DATA:
-------

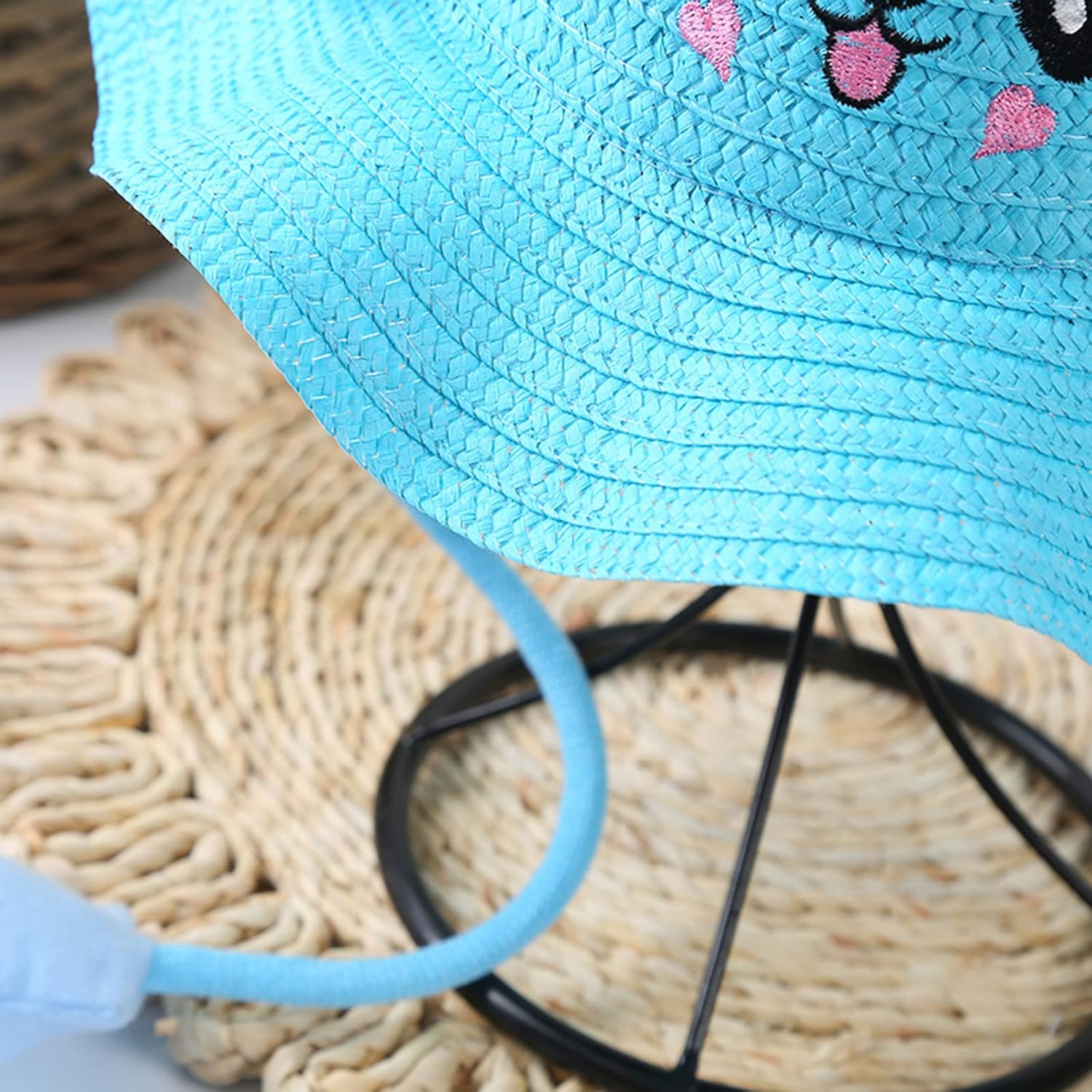 Adjustable Straw Sun Hat for Kids - UPF 50 Protection Against the Sun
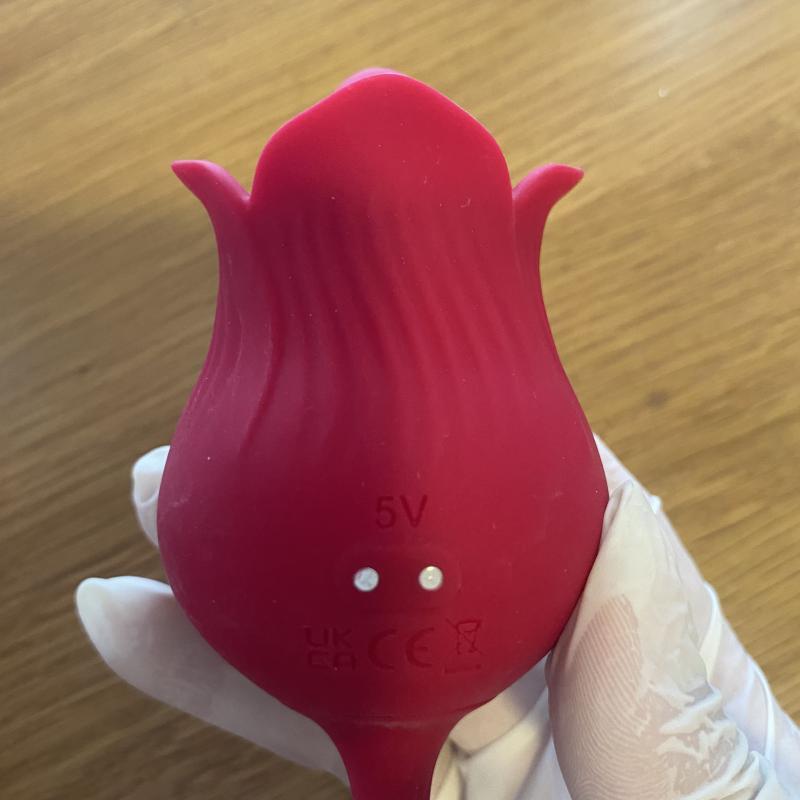 Máy Massage Trứng Rung Thụt Đôi Hoa Hồng Liếm Kích Thích Nữ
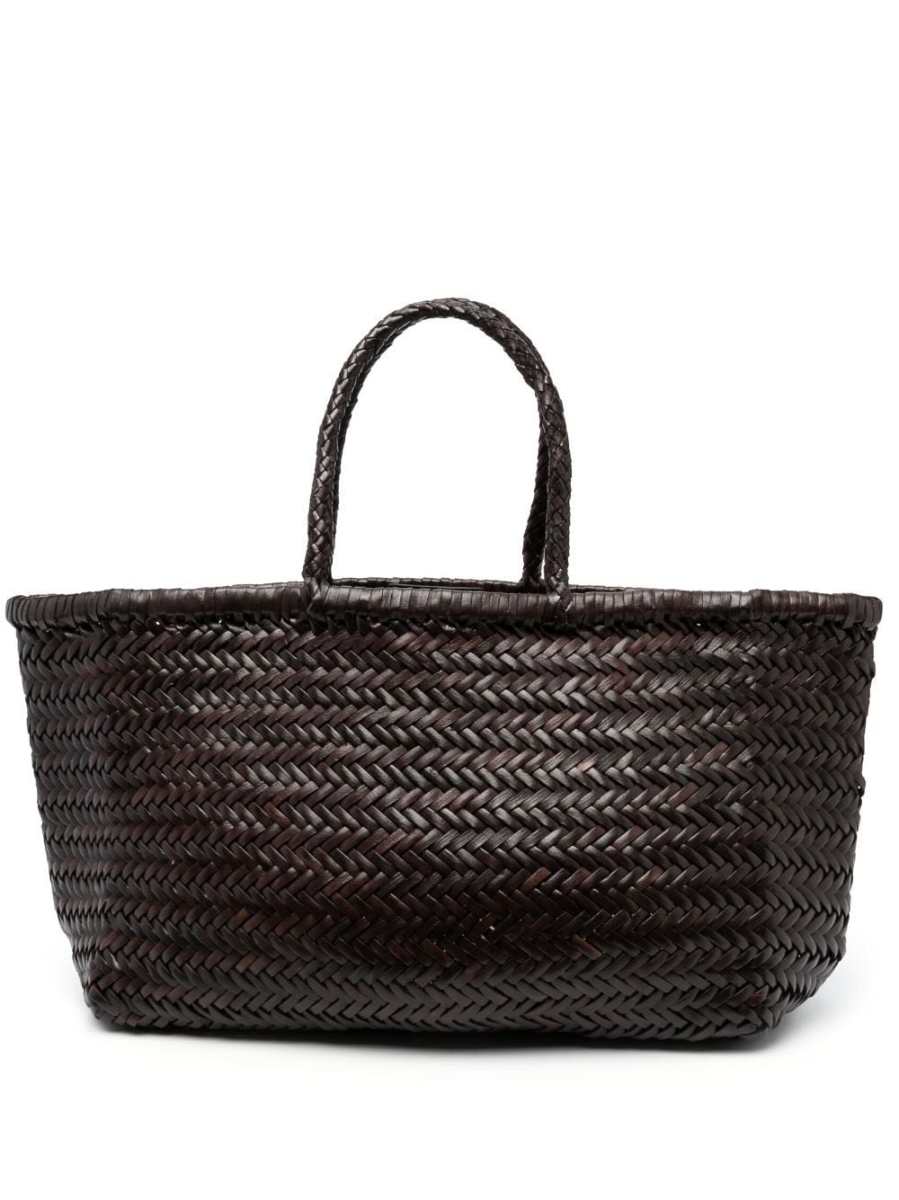 Triple Jump interwoven-design tote bag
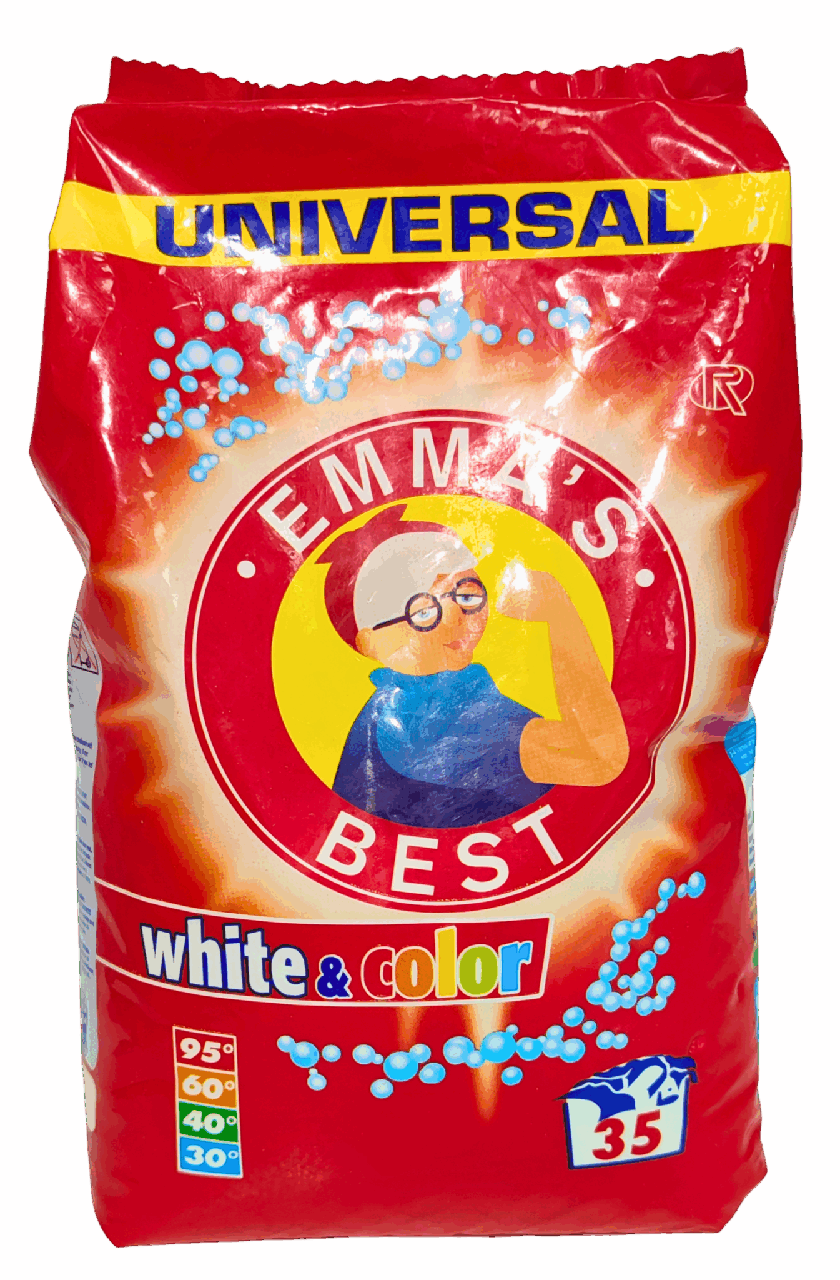 Стиральный порошок Emma's Best Universal для белых и цветных вещей 1,925 кг 35 стирок (35579092)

-------

WHAT IS NEEDED:
Each line from the one holding "Triple Jump interwoven-design tote bag" through the end of the listing is to be output exactly, both ends included, with no other lines and the pictures left out.

OUTPUT OF THE TASK:
 Triple Jump interwoven-design tote bag
 Стиральный порошок Emma's Best Universal для белых и цветных вещей 1,925 кг 35 стирок (35579092)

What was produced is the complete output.